WAUKESHA, Wis. – One of the highlights of the annual Governor’s Business Plan Contest is a half-day “boot camp” for contestants who reach the semi-final round. They gather to hear from experts on elements of writing a solid plan, to ask questions and to network with entrepreneurs like themselves.

I was thinking about this year’s crop of enthusiastic semi-finalists, who hail from Rhinelander to River Falls, and from Baraboo to New Berlin, in the context of the latest state-by-state assessment of early stage entrepreneurship by the Ewing Marion Kauffman Foundation.

The Kansas City-based Kauffman Foundation once again scored Wisconsin low in its revised index, 46th among 50 states and the District of Columbia. That’s after years of finishing dead last with little or no explanation of what could be done to improve things.

Rising from the cellar to 46th seems like scant progress – until you examine the report and study its four major categories.

  • In the creation of new entrepreneurs, Wisconsin ranked 32nd out of 51 and third place out of eight Midwest states. That may be the statistic that matters most to many observers: How many new entrepreneurs are filling the pipeline?
  • On the survival rate on young companies, Wisconsin ranked 23rd out of 51; sixth among eight Midwest states. That’s a measure of how long a new company lasts.
  • On job creation tied to entrepreneurship, Wisconsin ranked 35th out of 51; fifth among eight Midwest states.

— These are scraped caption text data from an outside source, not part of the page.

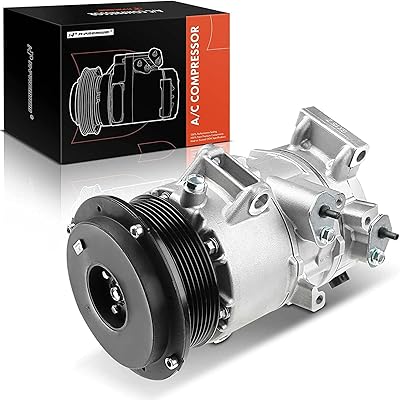 A - compresseur de climatisation haut de gamme avec embrayage compatible avec toyota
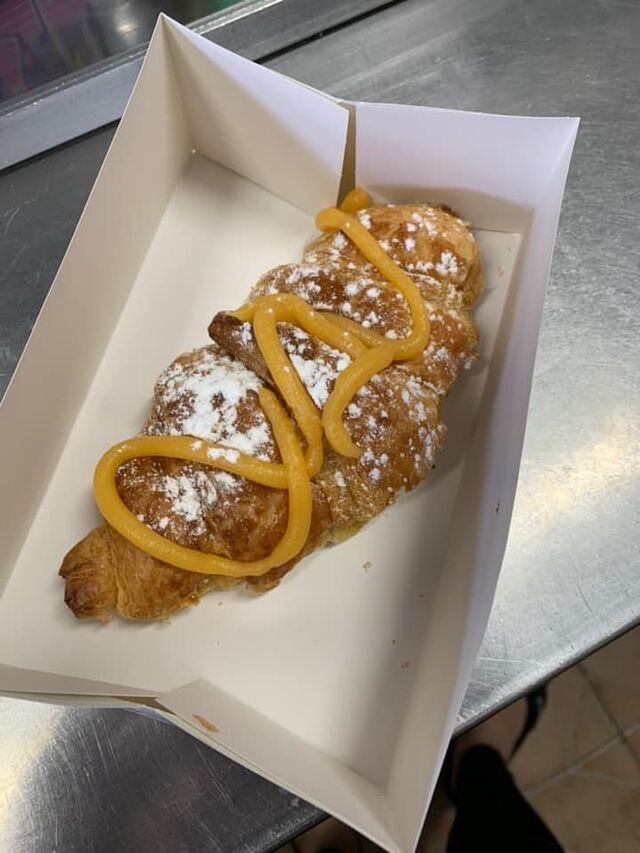 Croissant de Doce de Ovos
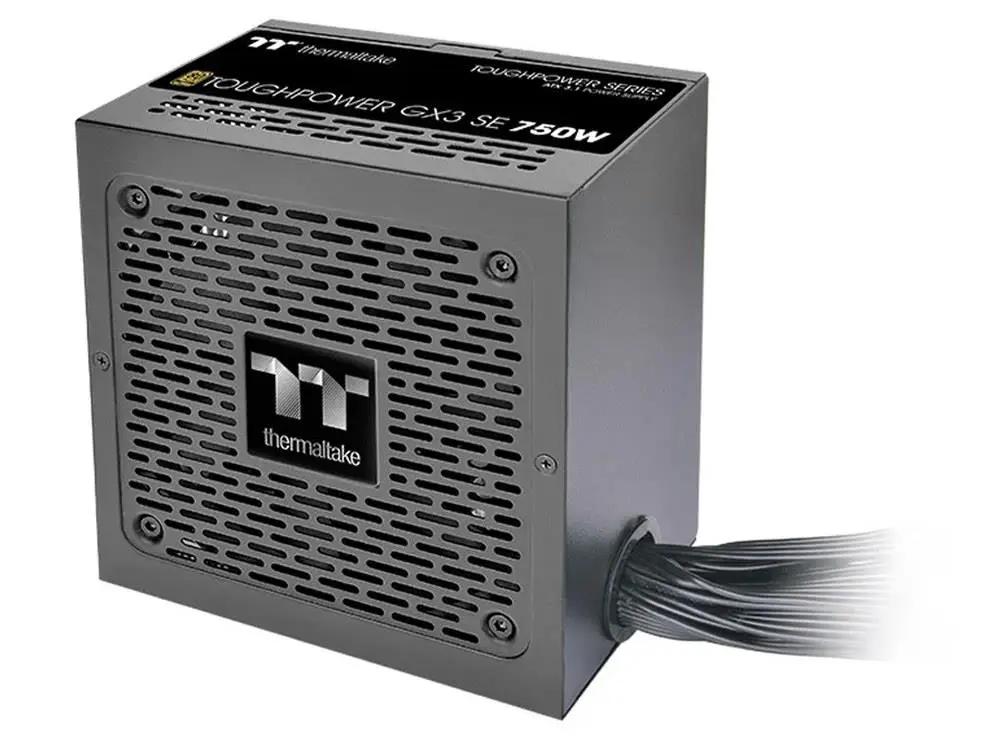 Thermaltake Toughpower GX3 SE 750W 80+ Gold ATX 3.1 PCIe Gen 5.1 Power Supply by Thermaltake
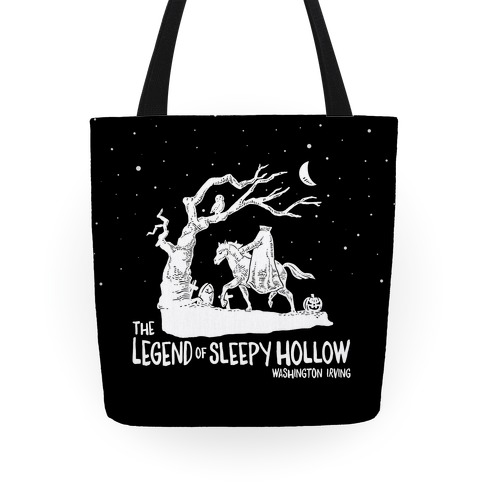 The Legend Of Sleepy Hollow Tote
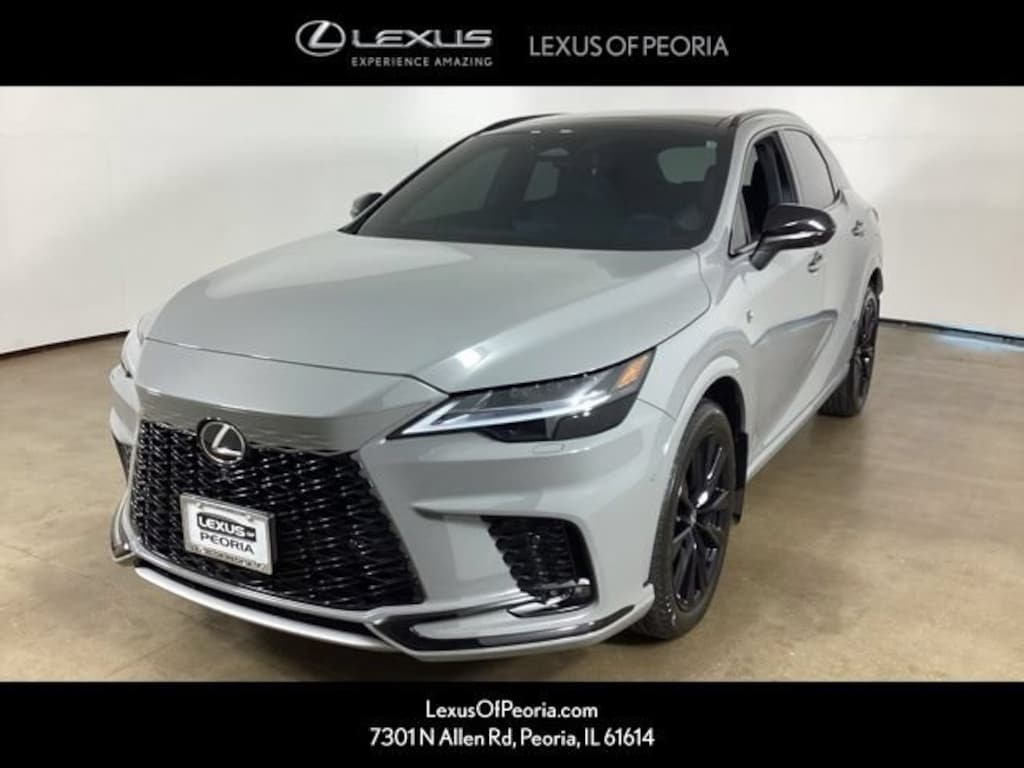 Used 2026 Lexus RX RX 500h F SPORT Performance
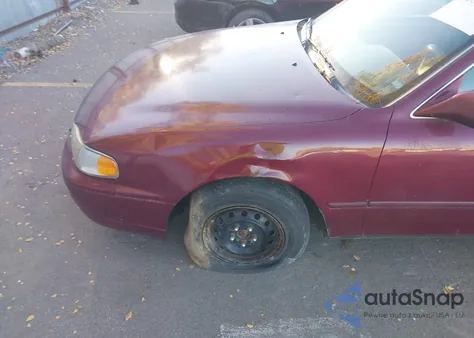 1996 Toyota Camry Dx/Le/Xle z USA, uszkodzony, nr VIN 4T1BG12K0TU820810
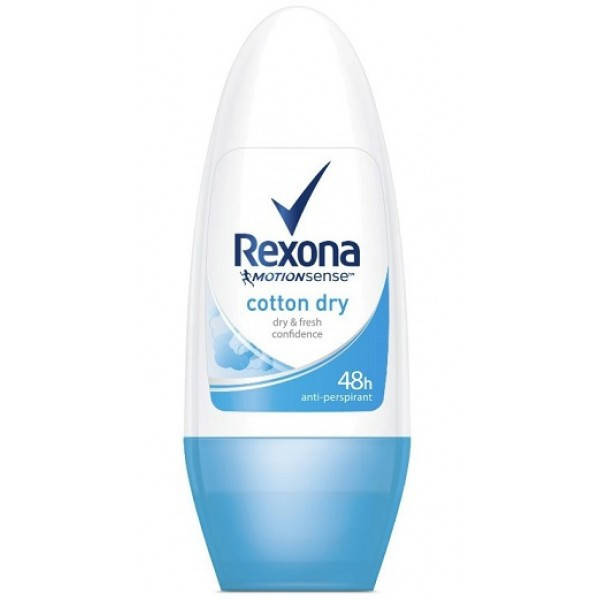 

Антиперспирант шариковый Rexona Cotton Dry, 50 мл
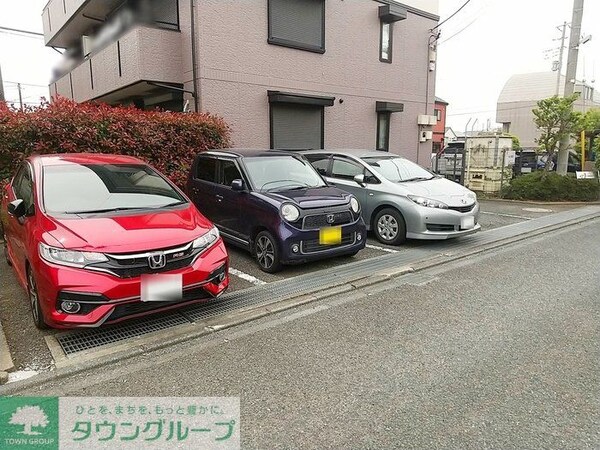 駐車場(駐車場)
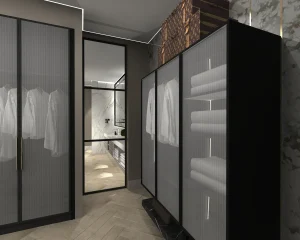 Art Deco Dressing Room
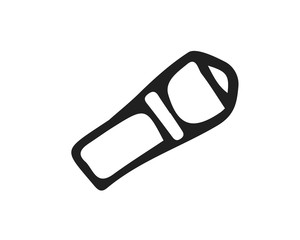 flashlight icon design illustration,hand drawn style design, designed for web and app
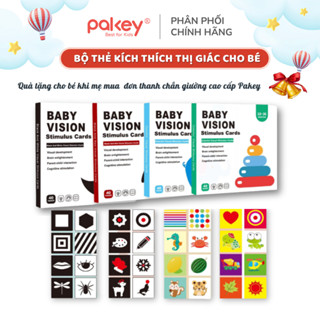 Bộ Card Kích Thích Thị Giác Cho Bé, Đồ Chơi Giúp Giáo Dục Sớm Giúp Trẻ Sơ Sinh Phát Triển Toàn Diện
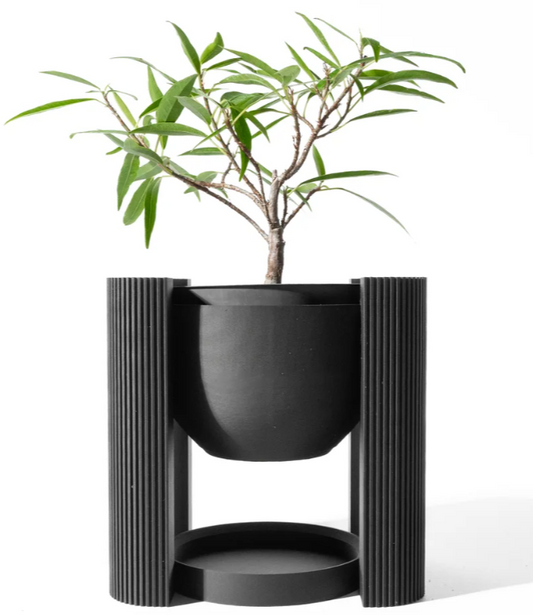 The Avor Planter Pot stand with tray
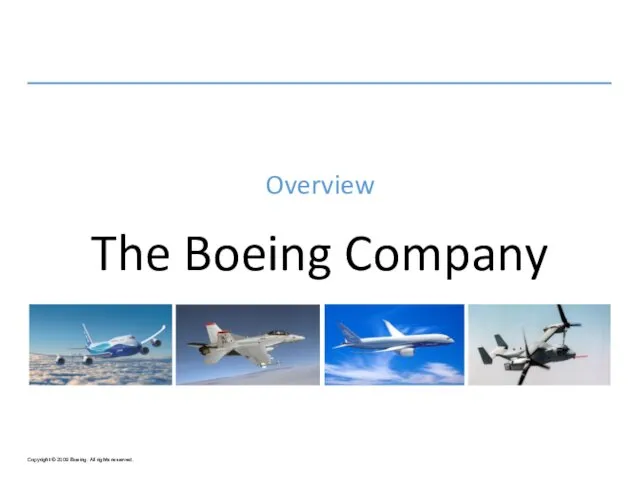 The Boeing Company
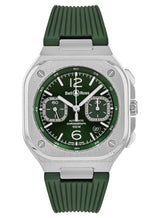 Bell & Ross BR 05 GREEN STEEL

With those middle-of-the-road scores, how did Wisconsin sink to 46th overall? Its performance on a fourth and oddly subjective category called “opportunity share.”

Wisconsin ranked 50th out of 51, last among Midwest states, in that category. Kauffman defines it as an estimate of how many entrepreneurs created their business out of opportunity versus necessity.

Ewing Marion Kauffman Foundation

Here’s more detail on that definition from the report: “Opportunity share is … the percent of the total number of new entrepreneurs who were not unemployed and not looking for a job as they started the new business. This distinction is useful because it offers some insight into the influence of economic conditions on overall business creation.”

In other words, the report is saying people in Wisconsin are starting new businesses in roughly middling numbers, surviving at an above-average rate, and creating jobs at a somewhat lower rate. However, their reasons for doing so are not to pursue opportunity but out of need.

With one of the lowest unemployment rates in the country, that doesn’t make much sense. Very few Wisconsin people are out of work and compelled to start their own business because they’re unemployed.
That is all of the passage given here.